It is a dedicated current-sense amplifier, not a general-purpose op-amp — the gain is internally set, and the input common-mode range extends well beyond the supply rails, which is what makes it useful for high-side or low-side sensing. With an 80 kHz -3 dB bandwidth, it is fast enough to capture switching ripple in a DC-DC converter or monitor load transients in a motor drive, but not intended for wideband servo loops or audio-frequency applications. The 12 µV input offset voltage means it can resolve small shunt voltages — down to microvolt-level signals — which translates to lower power dissipation in the shunt resistor for a given current.
The 8-WLP (Wafer-Level Package) is a tiny, leadless package — essentially the bare die with solder bumps — that saves board area but demands a controlled assembly process. The mounting type is surface mount, and the package / case is 8-WFBGA, WLBGA, with the supplier device package listed as 8-WLP. Because it is a wafer-level package, the solder bumps are the only standoff; the board must have a solder mask defined pad pattern that matches the bump pitch exactly. Reflow profile follows standard lead-free (SnAgCu) recommendations, but the package is moisture-sensitive — MSL level should be verified from the latest datasheet revision before opening the sealed bag.

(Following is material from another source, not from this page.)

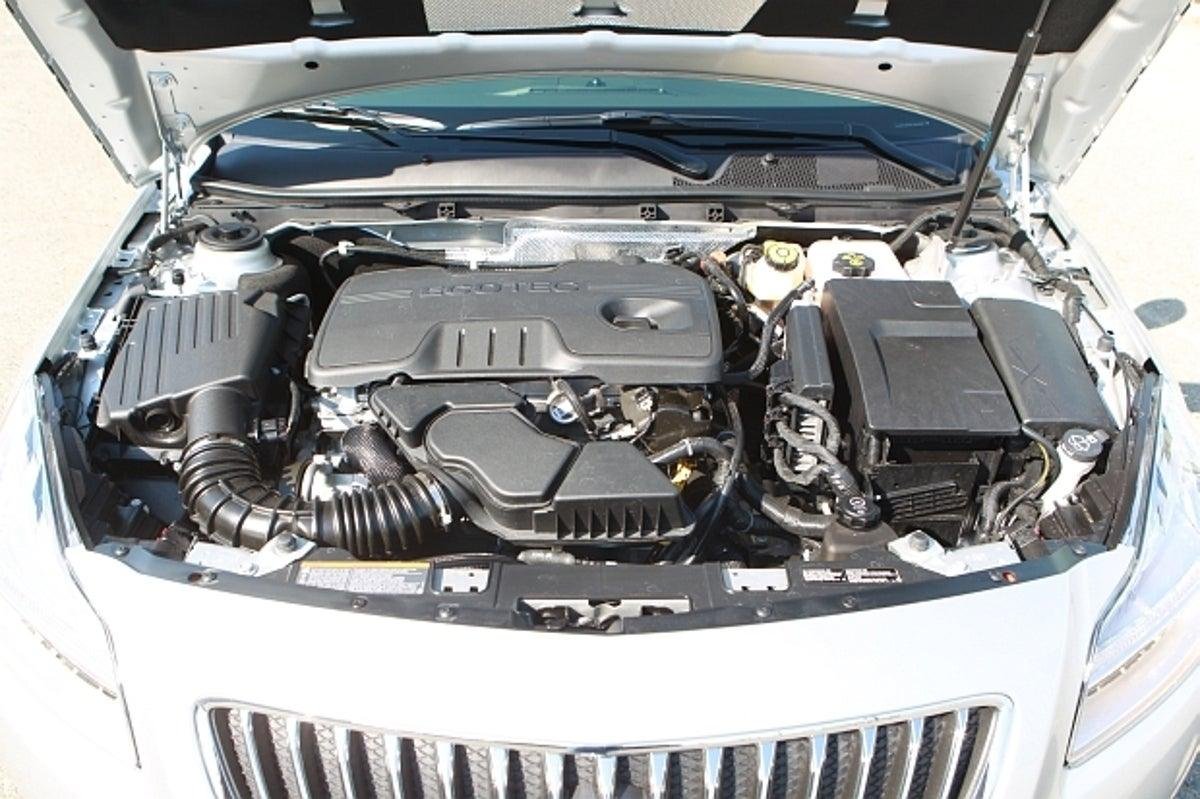 How to fix Buick Insignia with the trouble light on?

Supply voltage and input offset — sizing the shunt and the rail
The 12 µV input offset voltage is the key precision spec: it sets the floor on the smallest measurable shunt voltage. For a 10 mΩ shunt, 12 µV offset corresponds to a 1.2 mA error term — acceptable for multi-amp loads, but if you need to measure tens of milliamps, a larger shunt value or a lower-offset part would be needed. The input bias current is 65 µA, which flows into the shunt and can introduce a small additional error if the shunt resistance is high. For a 10 mΩ shunt, 65 µA × 10 mΩ = 0.65 µV, negligible against the 12 µV offset. The dual-channel configuration lets you monitor two independent current paths — for example, the input and output of a power supply, or two phases of a motor — with one IC.